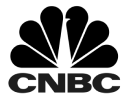 CNBC logo.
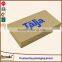2015 popular custom LOGO hard craft paper box for knife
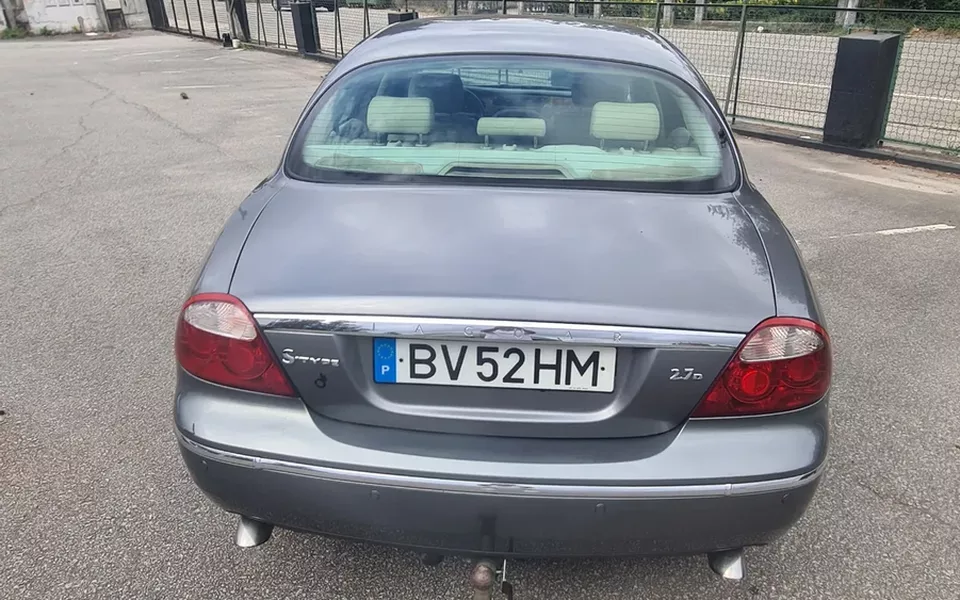 Jaguar S-Type 2.7 Twin Turbo Executive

===

__Exercise prompt__
Retype the listing above exactly as it appears, omitting the pictures.

__Expected answer__
 CNBC logo.
2015 popular custom LOGO hard craft paper box for knife
 Jaguar S-Type 2.7 Twin Turbo Executive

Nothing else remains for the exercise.